There are few things more unexpectedly painful than having someone riding an e-scooter clip you in the stomach as they go zooming past with a barely audible “sorry” hanging in the air. These e-scooters, though their riders often less so, are essential in the fight against climate change, and it is crucial for lawmakers to understand that.
Bloomington has been intensely debating the role of and regulations on e-scooters ever since they arrived in September 2018. The issue of regulating the e-scooters at its core is that they exploded in popularity before anyone could write effective regulations for them.
In 2018, Lime and Bird, two major e-scooter companies, crossed the 10 million ride mark each and dubbed 2018 the ‘year of the scooter.’ It was also the year when e-scooter companies were essentially kicked out of cities such as Beverly Hills and Boston. Riders love them, regulators hate them.
In all this talk, however, the mission in which these e-scooters were launched is often missed: to make cities greener and more livable. One might wonder how e-scooters littering the sidewalk make the city more livable, and the answer lies in the last mile problem.
The last mile refers to the section of a journey that usually needs to be made on foot after taking some sort of transit.
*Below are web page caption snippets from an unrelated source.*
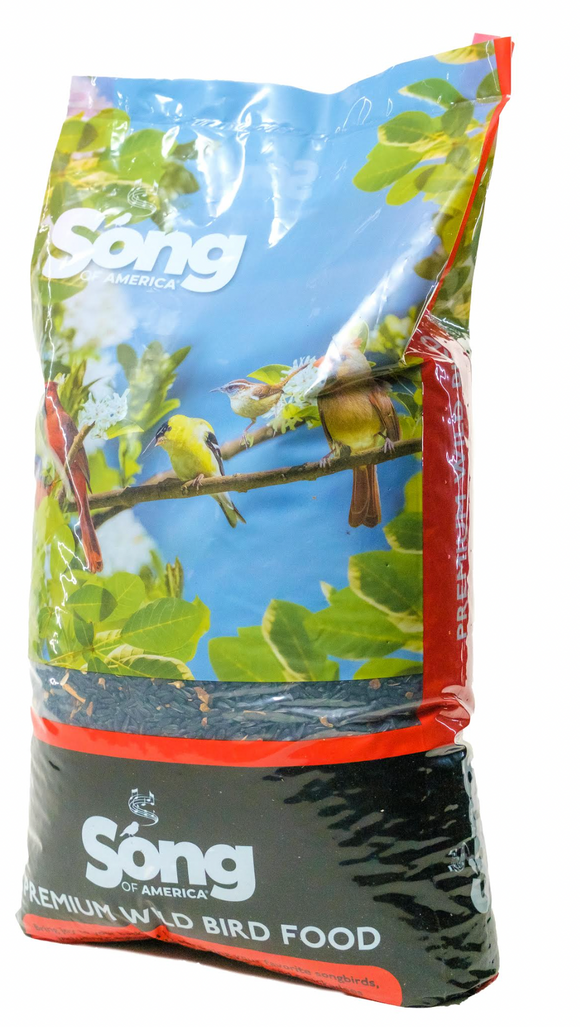 Song of America Premium Black Oil Sunflower Seed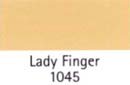 BENJAMIN MOORE PAINT COLOR SAMPLE Lady Finger 1045 SIZE:2 OZ.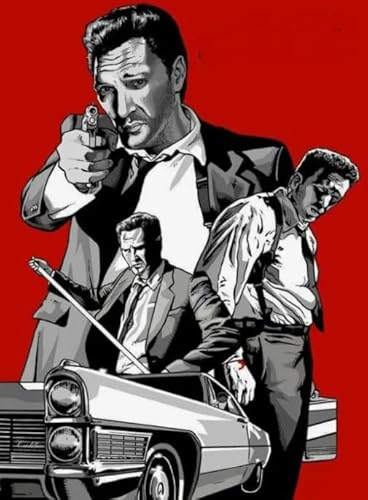 Classic gangsterss Films Film Reservoirs Dogs Posters - for Adult's Educational Toys - 1000 Stück - Abstrakte Kunst Puzzle - Unregelmäßige Rätsel - Memory-Spiel Zx12Ap Classic gangsterss Films Film Reservoirs Dogs Posters - for Adult's Educational Toys - 1000 Stück - Abstrakte Kunst Puzzle - Unregelmäßige Rätsel - Memory-Spiel Zx12Ap von ZYHDK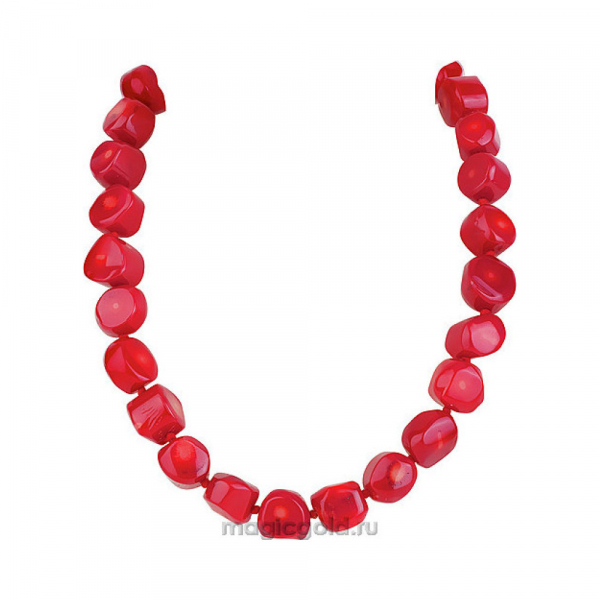 Ожерелье с кораллом № 156060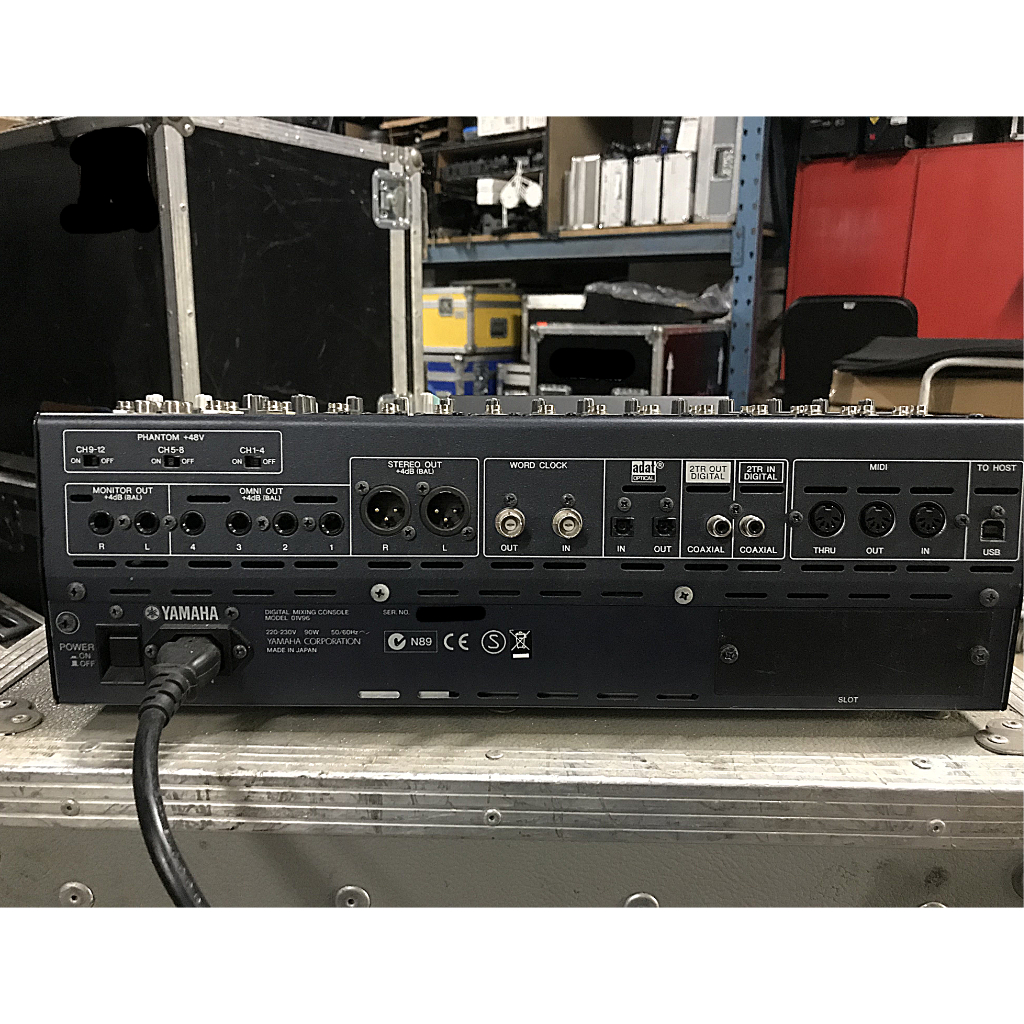 Used Yamaha 01V96 Digital Mixer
For example, if you want to go to dinner on Fourth Street, you could take a bus to Dunn's Woods and walk, or you could drive and park somewhere closer. The last mile is much shorter if you drive as opposed to if you take the bus.
Here lies the problem. Cars are terrible for the environment, but they tend to be convenient. According to a Duke University study, if a 70-passenger bus is taken by 11 or more people, the amount of emissions generated per person are less than those created by someone driving themselves. But individuals are likely to have to walk a little bit after getting off the bus.
E-scooters have the potential to change this dynamic. Their promise lies in the fact that individuals can take these to catch a bus as well as after getting off one. The Natural Resources Defense Council, an environmental advocacy group, at least believes in this promise as it requests city governments to remember the potential of e-scooters in combating climate change.
It is not a guarantee that e-scooters will help complement public transit in Bloomington. In Portland, Oregon, they boosted the use of other public transit whereas in Austin, Texas, they have put the squeeze on a bike-based rental company.
This is why it is so important that the City Council not dampen e-scooters’ futures.
However, this is not to say that no regulation is needed. At a recent City Council meeting, Kaleb Crain, a Bloomington resident who requires an electric wheelchair, shared his frustrations with scooters as they block his path, sometimes dangerously so.
IU policy dictates that “Scooters may never be parked in pedestrian pathways, vehicle parking spaces, ADA ramps, stairwells, inside buildings, or locked to signs, light poles, fences, benches, handrails or other fixtures.” Many a scooter has been impounded for violating this policy.
Bloomington’s policy is that scooters should be parked in a bike rack and not block the right-of-way for anyone. It often goes unenforced, and the city should crowdsource it to be more effective. The city should make it so that if you record yourself putting a scooter back in the right spot, you get a reward. Even a minor reward could be incentive enough.
E-scooters are no panacea for the fight against climate change. However, they may just help soften the blow a little, and it is worth having them around long enough to find out.